MT875

MT 875: Graduate topics in deep learning theory

Fall 2023

Spacetime coordinates: WF, 2-3:15, Maloney 560

Instructor: Eli Grigsby (she/her)

E-mail address: Delete all but one of the j's and replace "at" and "dot" with their symbols in the following expression: grigsbyjjjjjjjj(at)bc(dot)edu. (IMPORTANT: If you accidentally delete ALL the j's, your e-mail will accidentally go to someone that isn't me.)

Office hours: Maloney 522,  by appointment (feel free to sign up for multiple adjacent slots, and e-mail me with your rough availability if you don't see a time that works for you)

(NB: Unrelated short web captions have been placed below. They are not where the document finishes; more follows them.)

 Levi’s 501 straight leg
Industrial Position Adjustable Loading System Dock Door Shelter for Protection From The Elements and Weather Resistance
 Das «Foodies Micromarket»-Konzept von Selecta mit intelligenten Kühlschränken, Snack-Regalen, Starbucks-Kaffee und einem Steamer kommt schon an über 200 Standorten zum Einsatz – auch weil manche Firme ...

Course description: This is a course on the mathematical and statistical foundations of learning theory, with an emphasis on applications to neural networks and gradient-based learning algorithms. As my background is in geometric topology, I will focus primarily on the portions of the subject where geometry, topology, and combinatorics play a prominent role.

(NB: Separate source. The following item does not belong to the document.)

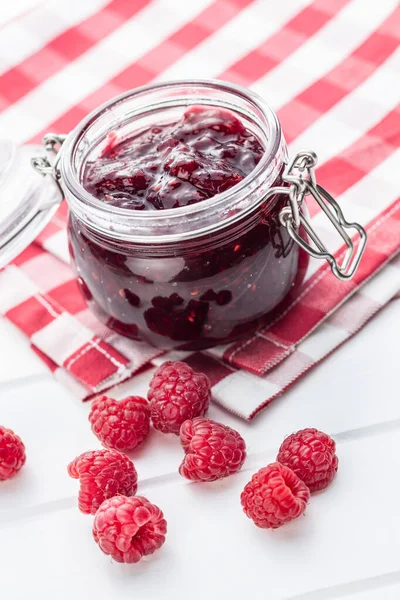 Sweet raspberry jam and raspberries. — Stock Photo, Image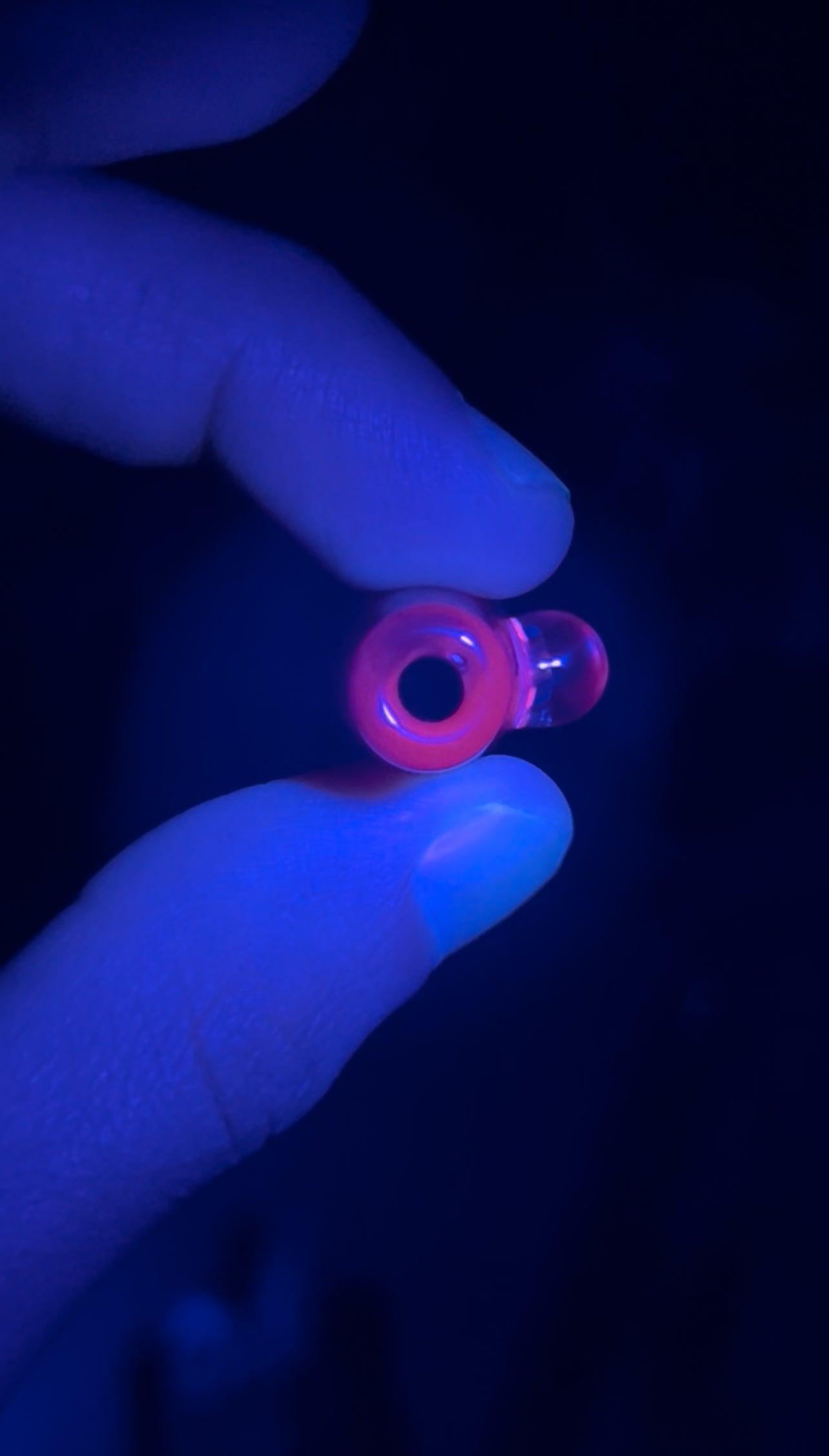 Tip - Charizard mille, Ruby lite, Poppy, Pink Proton (UV), Silver fume.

The course will be divided into thirds:


1/3)  Intro to supervised learning, computational learning theory, PAC learning framework: I will follow the first few chapters of Kearns and Vazirani's Introduction to Computational Learning.* Our goal here will be to understand how the classical notions of VC dimension, Rademacher complexity, and their cousins provide a means for quantifying the degree to which learning with a particular function class and finite sample data affects the ability of the learned model to generalize to unseen data drawn from the same distribution

2/3) Feedforward ReLU neural networks as a function class: I will prove basic properties of this function class (e.g., that it is precisely the class of finite piecewise linear functions and hence a universal approximator) and develop the foundations for calculating some of the classical statistical notions of complexity, along with some newer geometric and topological notions of complexity. We will also dig into an established relationship to tropical geometry.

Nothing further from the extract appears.